In the past two years, Whitecap has used its strong balance sheet to acquire NAL Resources, TORC Oil & Gas, Kicking Horse Oil & Gas, before acquiring TimberRock Energy Corp. in January.

Analyst Jeremy McCrea with Raymond James touted the long-term potential of the XTO properties, noting Whitecap is expected to grow production from the assets to 50,000 to 60,000 boe per day within three to five years.

“The value won’t truly come to life until a couple of years down the road,” he said.

Whitecap’s stock dropped 63 cents to close Wednesday at $9.12 on the Toronto Stock Exchange.

Eric Nuttall, a senior portfolio manager with Ninepoint Partners, which owns stock in Whitecap, sees the value for the Canadian producer to buy high-quality Montney and Duvernay properties.

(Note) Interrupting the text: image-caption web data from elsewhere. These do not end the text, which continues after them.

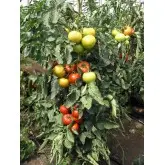 Seminte tomate Belle F1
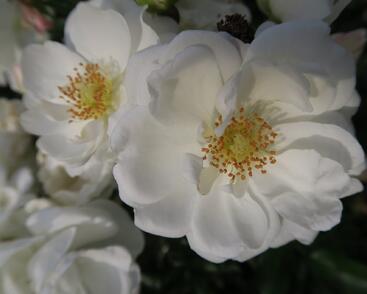 Růže půdopokryvná Kordes 'Innocencia'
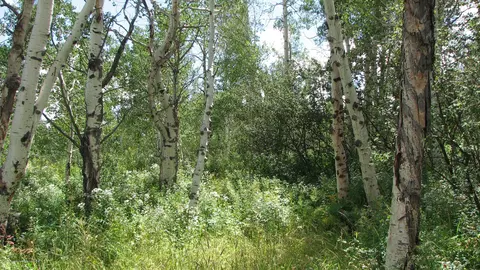 542 Dipper Lane Craig Co 81625 Ln, Craig, CO 81625 photo 1
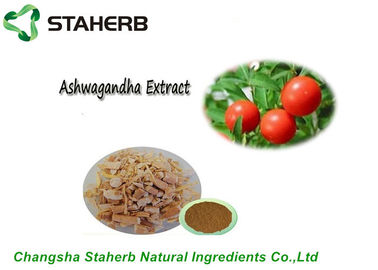 China Pure Natural Plant Extract Ashwagandha Extract Withanolides By HPLC supplier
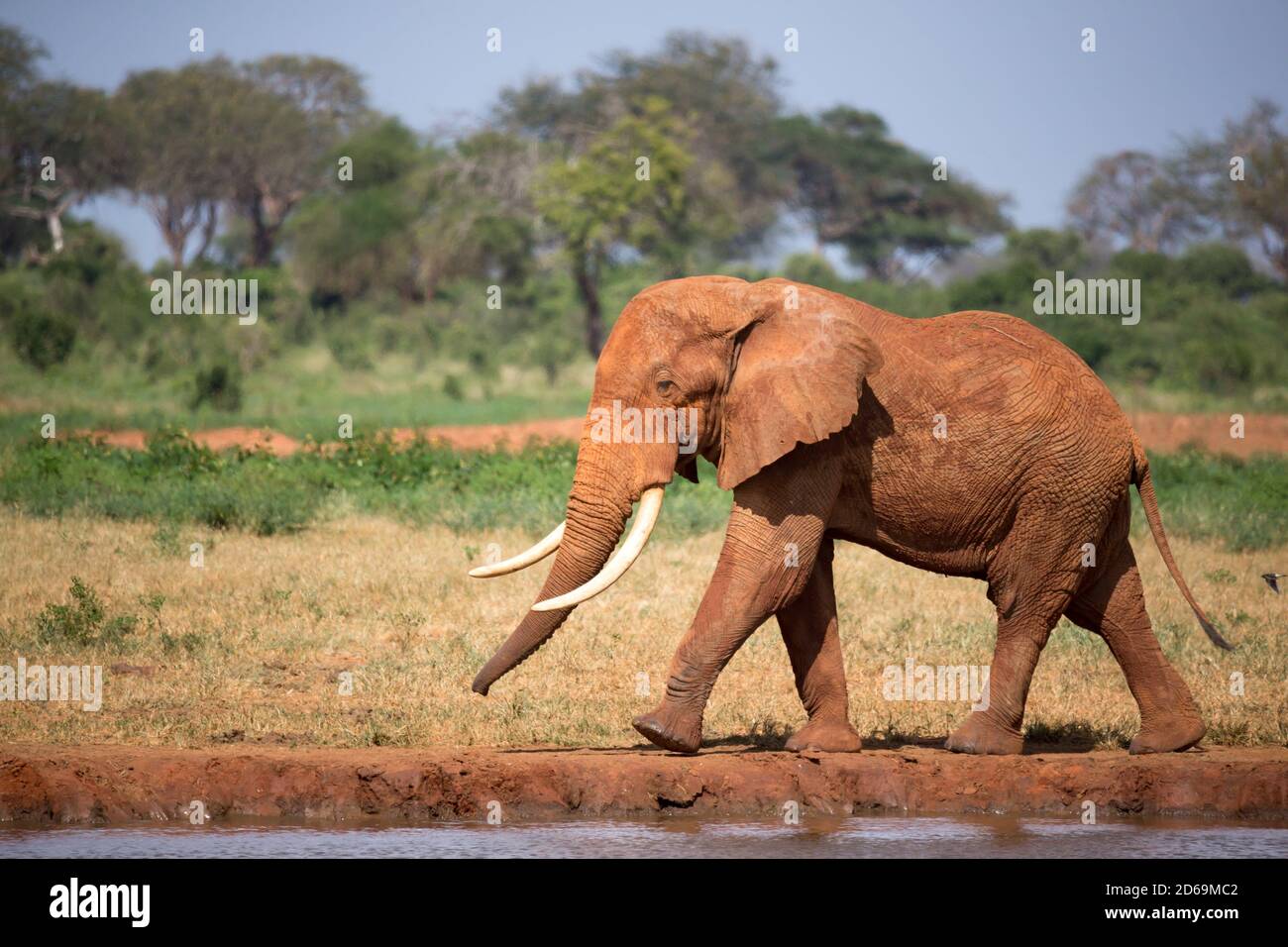 One big red elephant is walking on the bank of a water hole. Stock Photo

But in a competitive bidding process, “they were not going to get the deal of the century” by acquiring XTO.

“With the benefit of time, this will look like a good acquisition for them,” he said.

“But relative to what they paid, I can go buy similar or higher quality assets at a cheaper price tag, just because of how mispriced the small-cap and mid-cap Canadian energy stocks remain.”

Whitecap is expected to increase its overall development capital spending next year by 35 per cent to about $1 billion, while total company production climbs to between 168,000 to 174,000 boe per day.

With the ongoing focus of companies to pay down debt and return money to shareholders, there’s been far less emphasis on growing production in the industry this year than during past energy price spikes.

Fagerheim said Whitecap is committing to deleveraging and returning more money to investors but also sees the need to pursue measured growth for the longer term.

“We will always have to grow somewhat,” he added.

“And this is where modest growth matters. If you’re just producing things out and harvesting out your business, I don’t think you’ve got a long-term sustainable business.”

Chris Varcoe is a Calgary Herald columnist.